● **Material supplied**

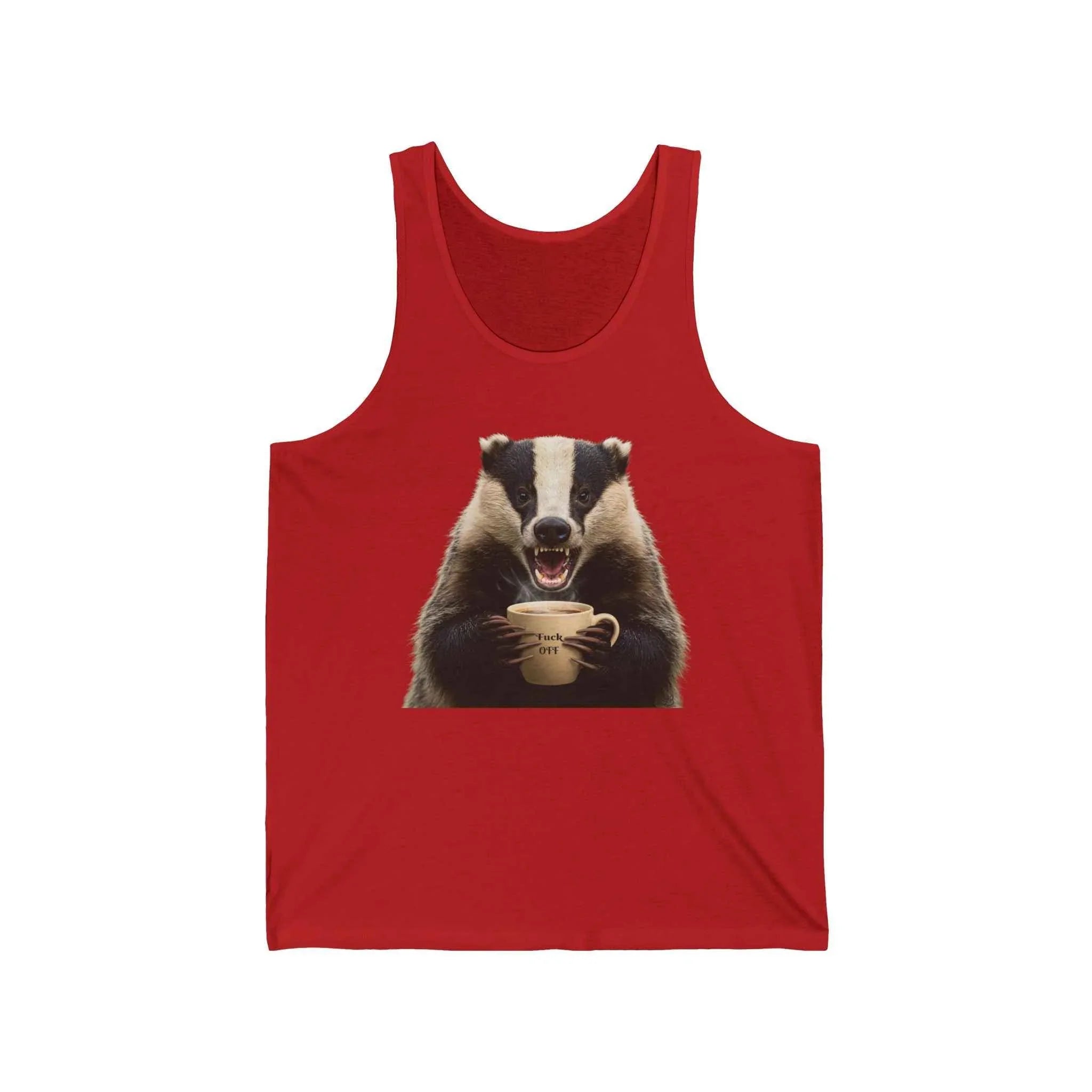 Sleep Tank Top - Funny Sleep Tank Top Featuring 'Fuck Off' Angry Badger - Perfect Morning Gift - 2SB Snark Shop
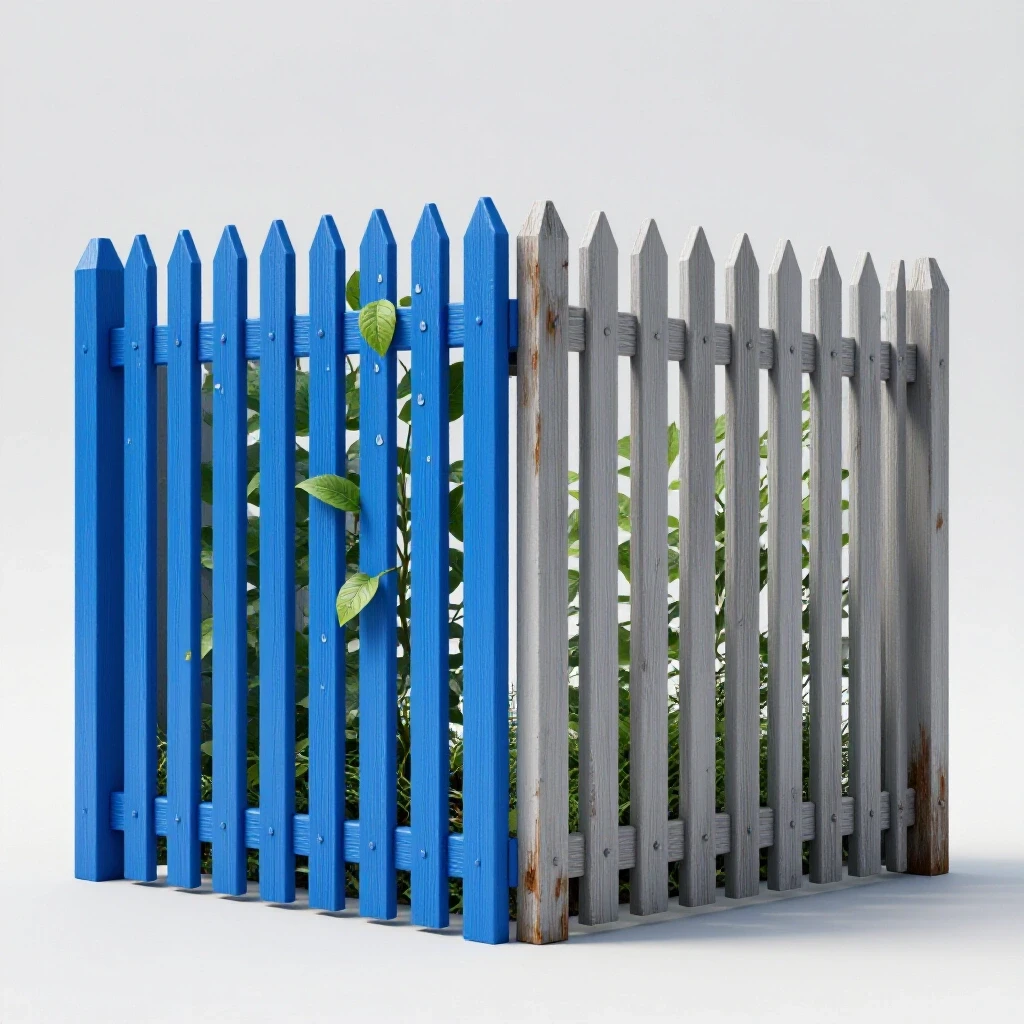 A vivid fence split in half: one side showing fresh blue stain, the other side faded with weathering, surrounded by leaves and droplets.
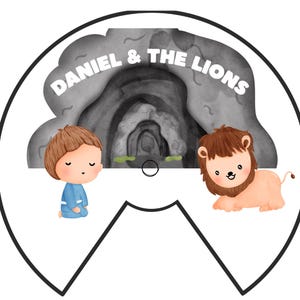 May include: A circular illustration featuring the text "DANIEL & THE LIONS" above a cave scene. A cartoon boy in blue kneels on the left, and a friendly lion is on the right. The background is white.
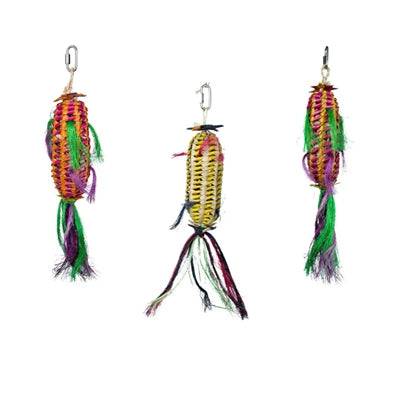 Back Zoo Nature Melon Pinata bird toy showing colorful fabric and hanging bell, designed for bird enrichment and entertainment.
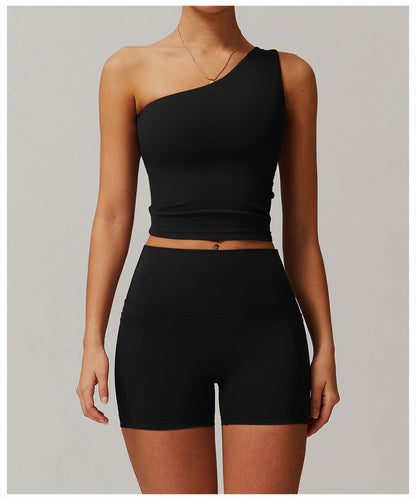 One Shoulder Workout Shaping Crop Top with Removable Chest Pads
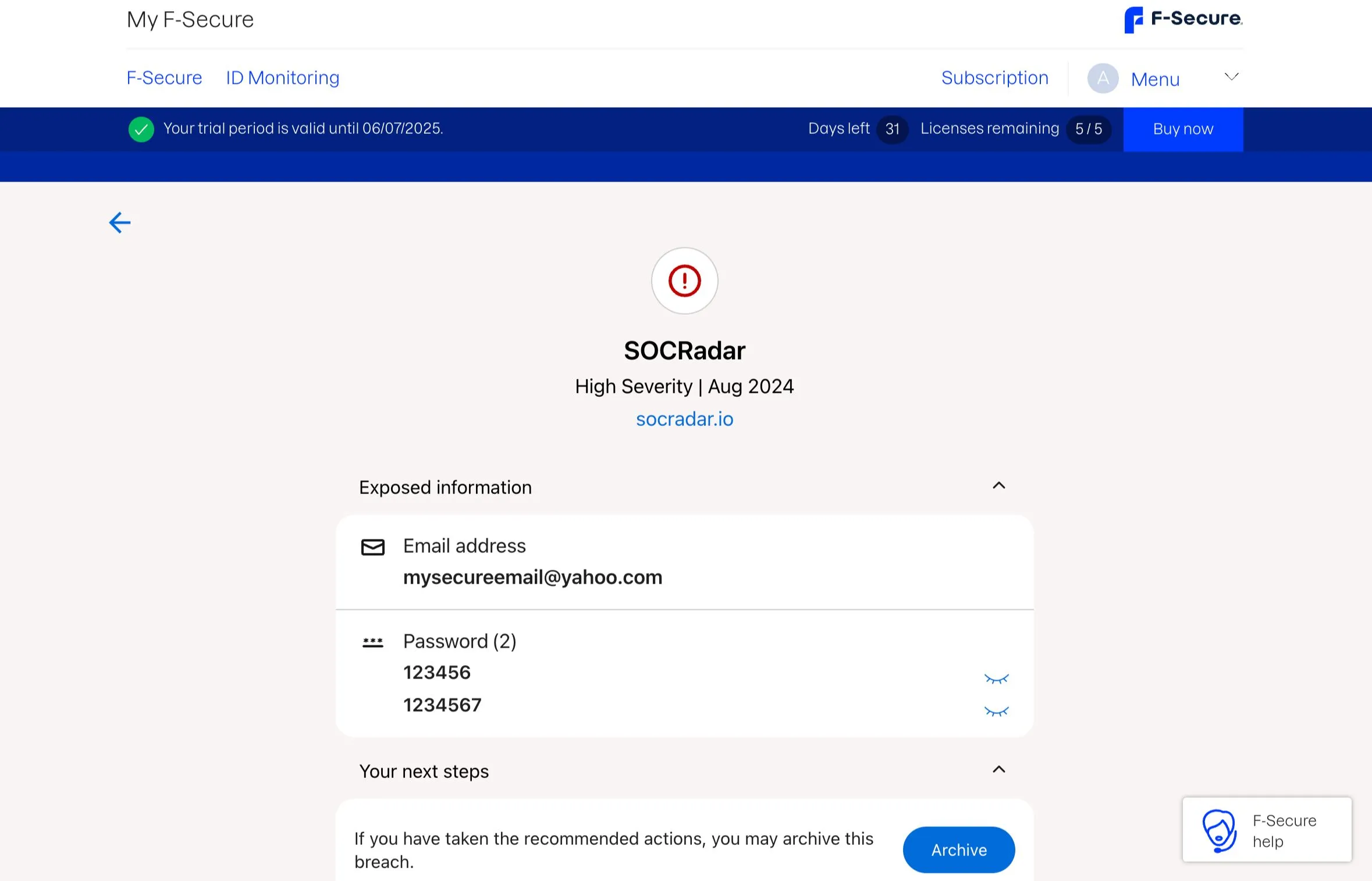 Chi tiết vụ rò rỉ dữ liệu trên F-Secure ID Protection, hiển thị thông tin bị lộ, mức độ nghiêm trọng và thời gian phát hiện. Từ khóa: chi tiết rò rỉ dữ liệu, thông tin bị đánh cắp.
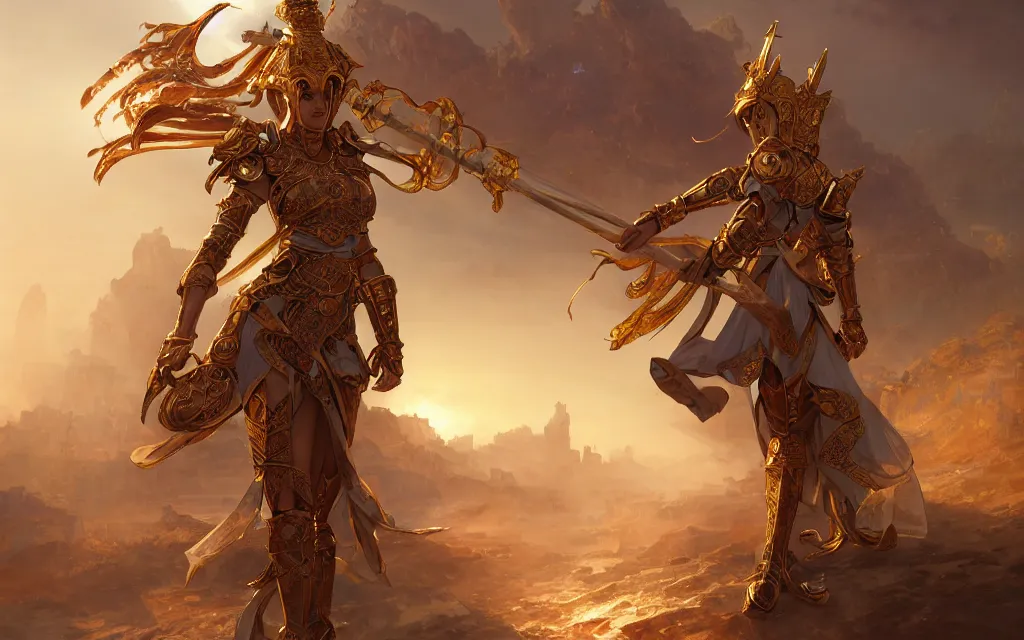 Image similar to knights of zodiac girl, golden and copper armor, armor knight fighting cinematic shot, in ruined agora of athens sunrise, ssci - fi and fantasy, intricate and very very beautiful and elegant, highly detailed, digital painting, artstation, concept art, smooth and sharp focus, illustration, art by tian zi and wlop and alphonse mucha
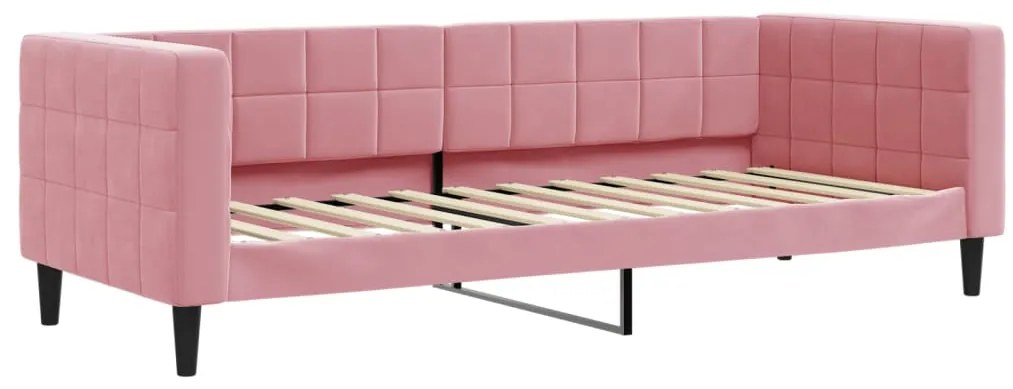 Sofá-cama com colchão 80x200 cm veludo rosa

● **What you will do**
Reprint the listing above verbatim but drop the images.

● **Result of the exercise**
 Sleep Tank Top - Funny Sleep Tank Top Featuring 'Fuck Off' Angry Badger - Perfect Morning Gift - 2SB Snark Shop
 A vivid fence split in half: one side showing fresh blue stain, the other side faded with weathering, surrounded by leaves and droplets.
 May include: A circular illustration featuring the text "DANIEL & THE LIONS" above a cave scene. A cartoon boy in blue kneels on the left, and a friendly lion is on the right. The background is white.
 Back Zoo Nature Melon Pinata bird toy showing colorful fabric and hanging bell, designed for bird enrichment and entertainment.
 One Shoulder Workout Shaping Crop Top with Removable Chest Pads
 Chi tiết vụ rò rỉ dữ liệu trên F-Secure ID Protection, hiển thị thông tin bị lộ, mức độ nghiêm trọng và thời gian phát hiện. Từ khóa: chi tiết rò rỉ dữ liệu, thông tin bị đánh cắp.
 Image similar to knights of zodiac girl, golden and copper armor, armor knight fighting cinematic shot, in ruined agora of athens sunrise, ssci - fi and fantasy, intricate and very very beautiful and elegant, highly detailed, digital painting, artstation, concept art, smooth and sharp focus, illustration, art by tian zi and wlop and alphonse mucha
 Sofá-cama com colchão 80x200 cm veludo rosa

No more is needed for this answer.